What do they mean by this? Not safe (according to Pickle docs) as in don't UnPickle files from an unknown origin or not safe as in you don't always retrieve the original object?
What's the alternative for something safer and faster? I know about cPickle being faster, but I don't think it solves the above definition of safer.
Thanks.
Using pickle in production code is vulnerable by design. Arbitrary code can be executed while unpickling. You can safely unpickle only data from trusted sources. Never unpickle data received from an untrusted or unauthenticated source.
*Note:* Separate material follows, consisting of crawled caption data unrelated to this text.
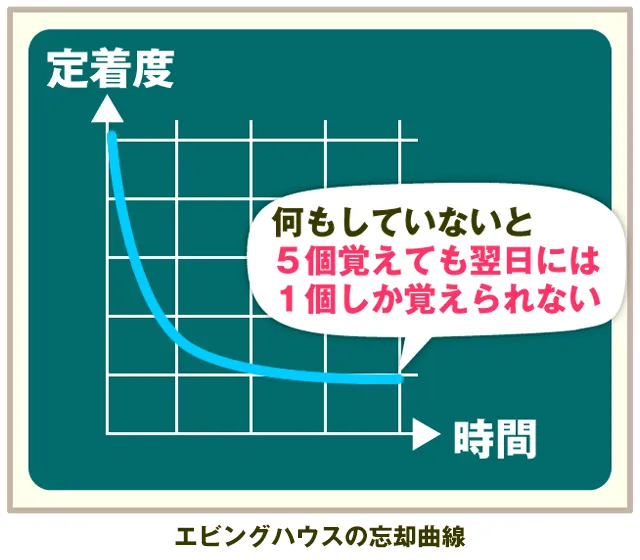 エビングハウスの忘却曲線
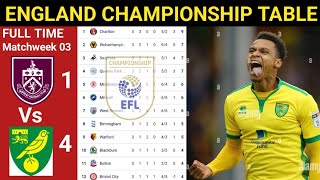 Download lagu England  Championship League Table Updated Today 2026 | EFL Table Standing |EFL Result Today 2026/27 mp3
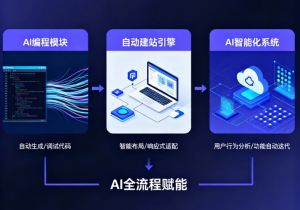 2026年5大国产AI建站工具深度对比：零代码生成完整项目哪家强？好用吗？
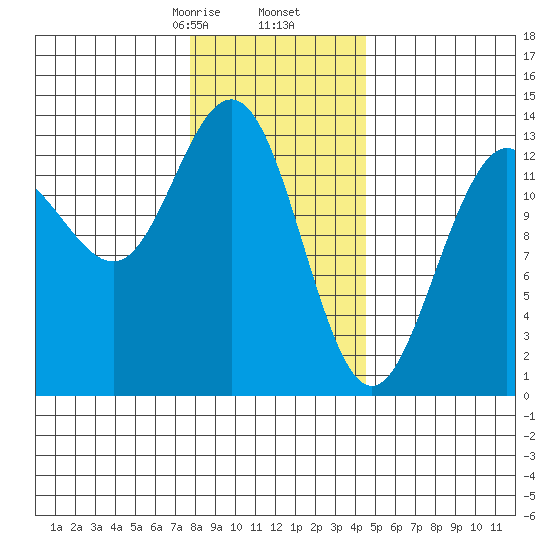 Holkham Bay, Wood Spit tide chart for Tuesday, February 6, 2024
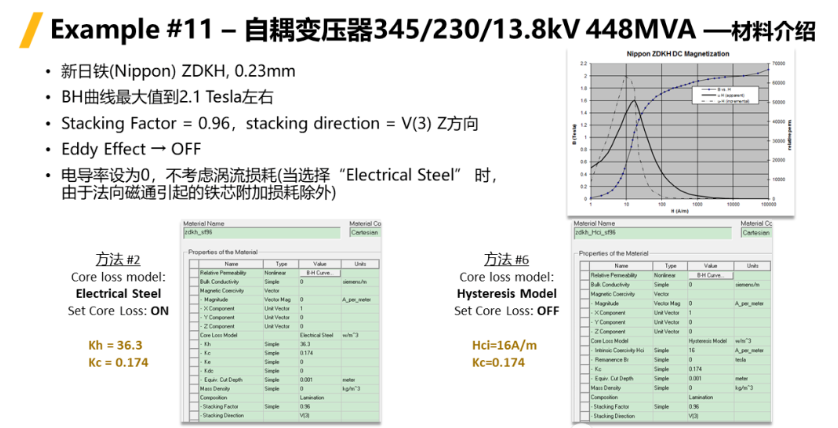 Ansys Maxwell中鐵芯損耗計(jì)算方法總結(jié)-Part4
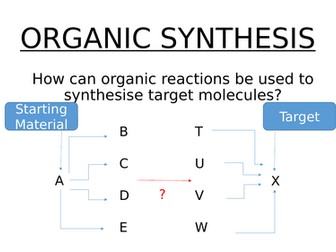 Organic revision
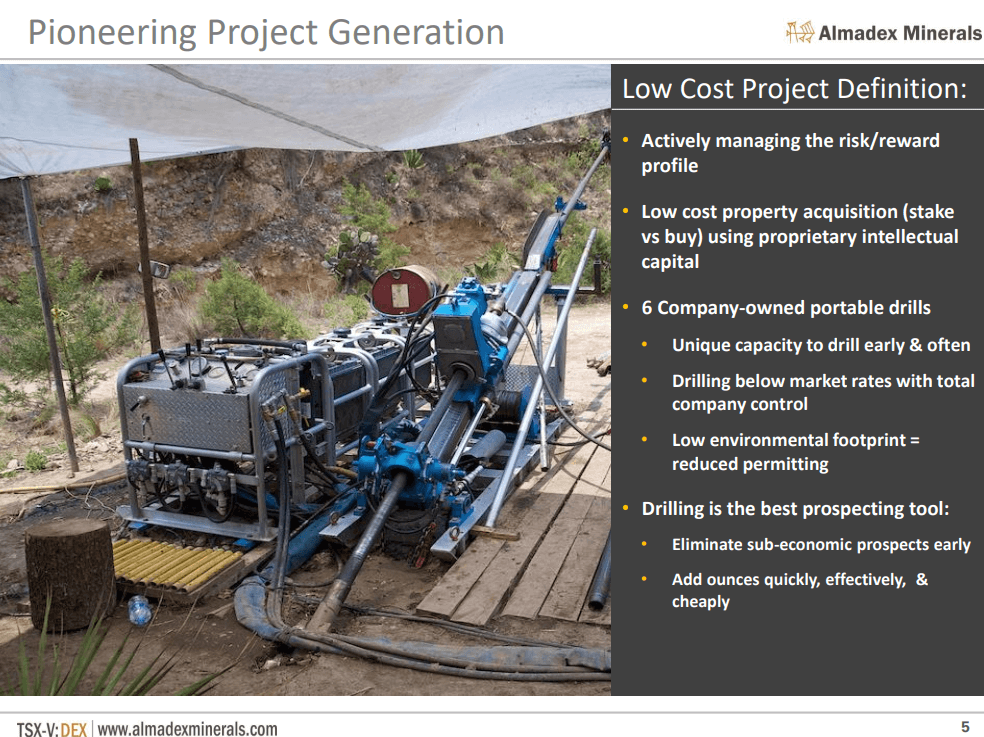 Almadex Minerals (DEX) - North American Gold Silver Exploration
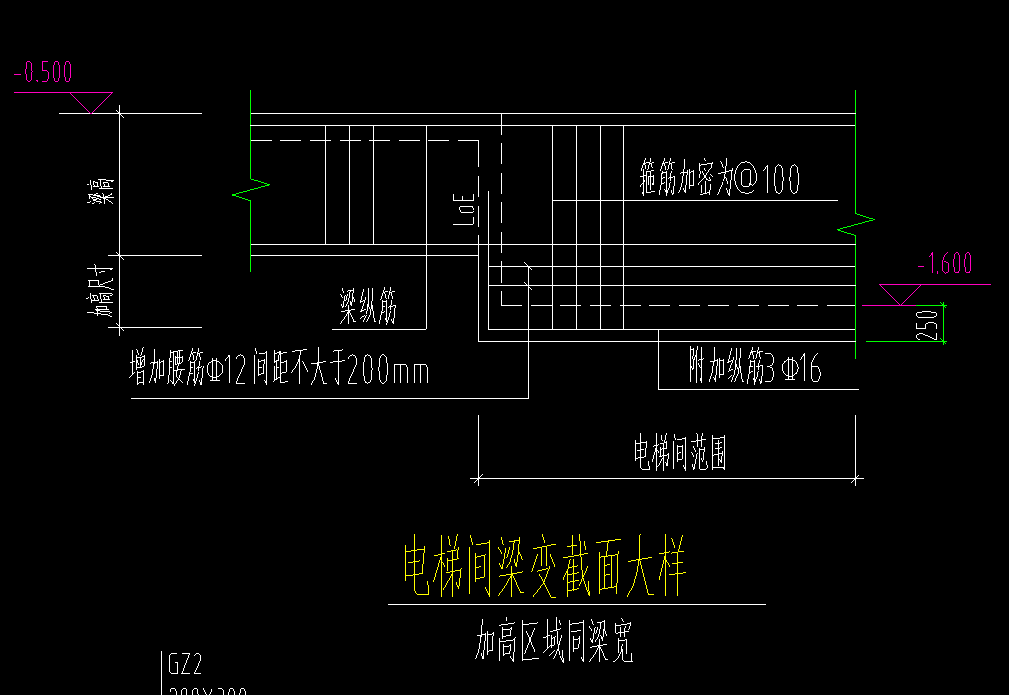 基礎(chǔ)底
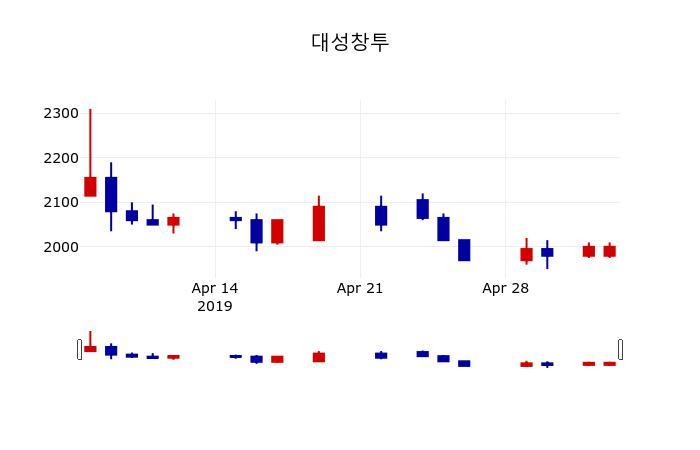 ▲지난 30영업일 동안 대성창투 주가변동정보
See here for real applications samples.
As for faster alternative, there is marshal
, python internal serealization library. But unlike pickle (or cPickle, which is just a C implementation), it is less stable (see docs) and its output being architecture and os independend, depends on python version. That is object marshal'ed on Windows platform with python 2.7.5 is guaranteed to be un-marshalable on OS X or Ubuntu with python 2.7.5 installed, but not guaranteed to be un-marshalable with python 2.6 on Windows.
Another faster, safer by design, but less functional serialization alternative is JSON
.
The original module Pickle is almost never used.
If you need to do it fast, use cPickle.
If you need a safe one, try sPickle.